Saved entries

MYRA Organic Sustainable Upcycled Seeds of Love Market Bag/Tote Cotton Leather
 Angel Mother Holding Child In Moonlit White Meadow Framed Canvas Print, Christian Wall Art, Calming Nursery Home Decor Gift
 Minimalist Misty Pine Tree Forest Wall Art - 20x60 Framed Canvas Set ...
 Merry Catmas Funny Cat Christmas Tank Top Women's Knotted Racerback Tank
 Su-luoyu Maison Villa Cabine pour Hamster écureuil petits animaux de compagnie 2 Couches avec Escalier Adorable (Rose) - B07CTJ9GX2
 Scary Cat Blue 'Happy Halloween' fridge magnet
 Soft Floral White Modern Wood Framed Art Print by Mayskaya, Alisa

* [Work request]
Filter the records above down to the lines containing "Canvas".

* [Task result]
 Angel Mother Holding Child In Moonlit White Meadow Framed Canvas Print, Christian Wall Art, Calming Nursery Home Decor Gift
 Minimalist Misty Pine Tree Forest Wall Art - 20x60 Framed Canvas Set ...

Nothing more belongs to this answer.